---- Data to use

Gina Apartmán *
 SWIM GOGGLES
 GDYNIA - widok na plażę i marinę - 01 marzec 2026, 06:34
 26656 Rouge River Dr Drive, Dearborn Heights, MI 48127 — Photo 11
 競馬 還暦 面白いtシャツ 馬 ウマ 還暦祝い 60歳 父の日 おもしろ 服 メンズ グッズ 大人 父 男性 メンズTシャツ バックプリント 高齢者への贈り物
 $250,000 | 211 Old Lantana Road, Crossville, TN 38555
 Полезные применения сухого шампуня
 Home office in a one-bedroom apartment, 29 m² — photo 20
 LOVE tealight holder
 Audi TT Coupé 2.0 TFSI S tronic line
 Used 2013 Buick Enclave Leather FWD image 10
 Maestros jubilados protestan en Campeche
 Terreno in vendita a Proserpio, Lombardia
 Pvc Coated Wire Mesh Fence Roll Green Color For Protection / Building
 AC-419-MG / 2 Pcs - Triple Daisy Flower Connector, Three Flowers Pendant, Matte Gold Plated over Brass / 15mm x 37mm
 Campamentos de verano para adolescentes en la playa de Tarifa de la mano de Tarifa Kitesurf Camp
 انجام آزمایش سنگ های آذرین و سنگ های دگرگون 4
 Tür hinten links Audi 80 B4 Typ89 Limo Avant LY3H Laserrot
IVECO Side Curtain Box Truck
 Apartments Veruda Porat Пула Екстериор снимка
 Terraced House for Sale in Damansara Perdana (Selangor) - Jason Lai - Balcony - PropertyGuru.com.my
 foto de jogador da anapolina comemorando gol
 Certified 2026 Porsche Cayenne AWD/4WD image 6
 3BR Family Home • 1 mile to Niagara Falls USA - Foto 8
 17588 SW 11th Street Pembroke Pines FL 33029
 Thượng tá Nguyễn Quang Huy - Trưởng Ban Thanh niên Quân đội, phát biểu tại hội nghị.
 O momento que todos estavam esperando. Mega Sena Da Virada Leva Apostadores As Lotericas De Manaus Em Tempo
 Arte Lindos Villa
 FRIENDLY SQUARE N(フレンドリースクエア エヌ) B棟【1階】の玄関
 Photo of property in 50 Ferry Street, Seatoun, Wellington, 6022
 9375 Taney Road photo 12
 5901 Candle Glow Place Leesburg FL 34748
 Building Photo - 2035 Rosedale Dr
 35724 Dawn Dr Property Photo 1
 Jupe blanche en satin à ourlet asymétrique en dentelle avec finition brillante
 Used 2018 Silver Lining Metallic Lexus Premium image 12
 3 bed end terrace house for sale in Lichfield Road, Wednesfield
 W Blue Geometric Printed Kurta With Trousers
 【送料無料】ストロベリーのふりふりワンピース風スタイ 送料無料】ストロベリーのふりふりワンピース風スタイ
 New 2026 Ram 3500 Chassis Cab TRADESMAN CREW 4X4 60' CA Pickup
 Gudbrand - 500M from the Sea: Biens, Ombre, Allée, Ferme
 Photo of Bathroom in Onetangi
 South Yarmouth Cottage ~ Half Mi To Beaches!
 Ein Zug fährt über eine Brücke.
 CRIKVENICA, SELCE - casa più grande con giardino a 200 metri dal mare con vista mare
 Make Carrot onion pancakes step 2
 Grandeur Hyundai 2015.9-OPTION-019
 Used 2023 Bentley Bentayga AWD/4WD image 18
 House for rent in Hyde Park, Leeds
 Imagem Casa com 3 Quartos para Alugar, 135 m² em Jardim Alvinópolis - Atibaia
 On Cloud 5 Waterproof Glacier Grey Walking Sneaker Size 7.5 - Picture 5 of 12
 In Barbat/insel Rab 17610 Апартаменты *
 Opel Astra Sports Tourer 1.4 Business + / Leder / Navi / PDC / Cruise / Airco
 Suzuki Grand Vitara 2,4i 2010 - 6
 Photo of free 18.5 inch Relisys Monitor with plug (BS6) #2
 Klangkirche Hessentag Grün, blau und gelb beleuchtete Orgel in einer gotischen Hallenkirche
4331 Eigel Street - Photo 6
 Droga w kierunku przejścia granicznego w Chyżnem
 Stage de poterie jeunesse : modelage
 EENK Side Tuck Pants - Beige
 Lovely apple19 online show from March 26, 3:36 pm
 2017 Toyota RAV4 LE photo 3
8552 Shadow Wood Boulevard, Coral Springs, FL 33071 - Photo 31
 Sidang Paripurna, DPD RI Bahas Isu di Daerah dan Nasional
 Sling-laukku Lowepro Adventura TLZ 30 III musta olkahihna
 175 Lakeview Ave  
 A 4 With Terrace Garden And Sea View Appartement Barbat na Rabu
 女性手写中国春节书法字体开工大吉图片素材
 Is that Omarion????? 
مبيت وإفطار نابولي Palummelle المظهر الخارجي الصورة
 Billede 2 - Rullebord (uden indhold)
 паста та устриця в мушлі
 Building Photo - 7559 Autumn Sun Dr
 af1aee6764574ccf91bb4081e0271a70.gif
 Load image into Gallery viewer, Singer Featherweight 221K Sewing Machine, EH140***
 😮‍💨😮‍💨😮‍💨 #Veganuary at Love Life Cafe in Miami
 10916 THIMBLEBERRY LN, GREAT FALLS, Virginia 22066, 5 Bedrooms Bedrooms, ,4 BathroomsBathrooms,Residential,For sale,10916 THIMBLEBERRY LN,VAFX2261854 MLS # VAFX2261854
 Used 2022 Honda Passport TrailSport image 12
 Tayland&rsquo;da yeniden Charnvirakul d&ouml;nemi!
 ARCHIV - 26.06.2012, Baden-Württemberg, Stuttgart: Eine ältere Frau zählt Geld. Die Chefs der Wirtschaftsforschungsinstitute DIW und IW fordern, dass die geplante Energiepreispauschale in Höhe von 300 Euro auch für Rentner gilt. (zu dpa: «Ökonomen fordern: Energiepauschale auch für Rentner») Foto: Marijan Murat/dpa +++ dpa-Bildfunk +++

--------

- [Assigned task] Without altering a single word, reproduce the entries above.

- [Written solution]
Gina Apartmán *
 SWIM GOGGLES
 GDYNIA - widok na plażę i marinę - 01 marzec 2026, 06:34
 26656 Rouge River Dr Drive, Dearborn Heights, MI 48127 — Photo 11
 競馬 還暦 面白いtシャツ 馬 ウマ 還暦祝い 60歳 父の日 おもしろ 服 メンズ グッズ 大人 父 男性 メンズTシャツ バックプリント 高齢者への贈り物
 $250,000 | 211 Old Lantana Road, Crossville, TN 38555
 Полезные применения сухого шампуня
 Home office in a one-bedroom apartment, 29 m² — photo 20
 LOVE tealight holder
 Audi TT Coupé 2.0 TFSI S tronic line
 Used 2013 Buick Enclave Leather FWD image 10
 Maestros jubilados protestan en Campeche
 Terreno in vendita a Proserpio, Lombardia
 Pvc Coated Wire Mesh Fence Roll Green Color For Protection / Building
 AC-419-MG / 2 Pcs - Triple Daisy Flower Connector, Three Flowers Pendant, Matte Gold Plated over Brass / 15mm x 37mm
 Campamentos de verano para adolescentes en la playa de Tarifa de la mano de Tarifa Kitesurf Camp
 انجام آزمایش سنگ های آذرین و سنگ های دگرگون 4
 Tür hinten links Audi 80 B4 Typ89 Limo Avant LY3H Laserrot
IVECO Side Curtain Box Truck
 Apartments Veruda Porat Пула Екстериор снимка
 Terraced House for Sale in Damansara Perdana (Selangor) - Jason Lai - Balcony - PropertyGuru.com.my
 foto de jogador da anapolina comemorando gol
 Certified 2026 Porsche Cayenne AWD/4WD image 6
 3BR Family Home • 1 mile to Niagara Falls USA - Foto 8
 17588 SW 11th Street Pembroke Pines FL 33029
 Thượng tá Nguyễn Quang Huy - Trưởng Ban Thanh niên Quân đội, phát biểu tại hội nghị.
 O momento que todos estavam esperando. Mega Sena Da Virada Leva Apostadores As Lotericas De Manaus Em Tempo
 Arte Lindos Villa
 FRIENDLY SQUARE N(フレンドリースクエア エヌ) B棟【1階】の玄関
 Photo of property in 50 Ferry Street, Seatoun, Wellington, 6022
 9375 Taney Road photo 12
 5901 Candle Glow Place Leesburg FL 34748
 Building Photo - 2035 Rosedale Dr
 35724 Dawn Dr Property Photo 1
 Jupe blanche en satin à ourlet asymétrique en dentelle avec finition brillante
 Used 2018 Silver Lining Metallic Lexus Premium image 12
 3 bed end terrace house for sale in Lichfield Road, Wednesfield
 W Blue Geometric Printed Kurta With Trousers
 【送料無料】ストロベリーのふりふりワンピース風スタイ 送料無料】ストロベリーのふりふりワンピース風スタイ
 New 2026 Ram 3500 Chassis Cab TRADESMAN CREW 4X4 60' CA Pickup
 Gudbrand - 500M from the Sea: Biens, Ombre, Allée, Ferme
 Photo of Bathroom in Onetangi
 South Yarmouth Cottage ~ Half Mi To Beaches!
 Ein Zug fährt über eine Brücke.
 CRIKVENICA, SELCE - casa più grande con giardino a 200 metri dal mare con vista mare
 Make Carrot onion pancakes step 2
 Grandeur Hyundai 2015.9-OPTION-019
 Used 2023 Bentley Bentayga AWD/4WD image 18
 House for rent in Hyde Park, Leeds
 Imagem Casa com 3 Quartos para Alugar, 135 m² em Jardim Alvinópolis - Atibaia
 On Cloud 5 Waterproof Glacier Grey Walking Sneaker Size 7.5 - Picture 5 of 12
 In Barbat/insel Rab 17610 Апартаменты *
 Opel Astra Sports Tourer 1.4 Business + / Leder / Navi / PDC / Cruise / Airco
 Suzuki Grand Vitara 2,4i 2010 - 6
 Photo of free 18.5 inch Relisys Monitor with plug (BS6) #2
 Klangkirche Hessentag Grün, blau und gelb beleuchtete Orgel in einer gotischen Hallenkirche
4331 Eigel Street - Photo 6
 Droga w kierunku przejścia granicznego w Chyżnem
 Stage de poterie jeunesse : modelage
 EENK Side Tuck Pants - Beige
 Lovely apple19 online show from March 26, 3:36 pm
 2017 Toyota RAV4 LE photo 3
8552 Shadow Wood Boulevard, Coral Springs, FL 33071 - Photo 31
 Sidang Paripurna, DPD RI Bahas Isu di Daerah dan Nasional
 Sling-laukku Lowepro Adventura TLZ 30 III musta olkahihna
 175 Lakeview Ave  
 A 4 With Terrace Garden And Sea View Appartement Barbat na Rabu
 女性手写中国春节书法字体开工大吉图片素材
 Is that Omarion????? 
مبيت وإفطار نابولي Palummelle المظهر الخارجي الصورة
 Billede 2 - Rullebord (uden indhold)
 паста та устриця в мушлі
 Building Photo - 7559 Autumn Sun Dr
 af1aee6764574ccf91bb4081e0271a70.gif
 Load image into Gallery viewer, Singer Featherweight 221K Sewing Machine, EH140***
 😮‍💨😮‍💨😮‍💨 #Veganuary at Love Life Cafe in Miami
 10916 THIMBLEBERRY LN, GREAT FALLS, Virginia 22066, 5 Bedrooms Bedrooms, ,4 BathroomsBathrooms,Residential,For sale,10916 THIMBLEBERRY LN,VAFX2261854 MLS # VAFX2261854
 Used 2022 Honda Passport TrailSport image 12
 Tayland&rsquo;da yeniden Charnvirakul d&ouml;nemi!
 ARCHIV - 26.06.2012, Baden-Württemberg, Stuttgart: Eine ältere Frau zählt Geld. Die Chefs der Wirtschaftsforschungsinstitute DIW und IW fordern, dass die geplante Energiepreispauschale in Höhe von 300 Euro auch für Rentner gilt. (zu dpa: «Ökonomen fordern: Energiepauschale auch für Rentner») Foto: Marijan Murat/dpa +++ dpa-Bildfunk +++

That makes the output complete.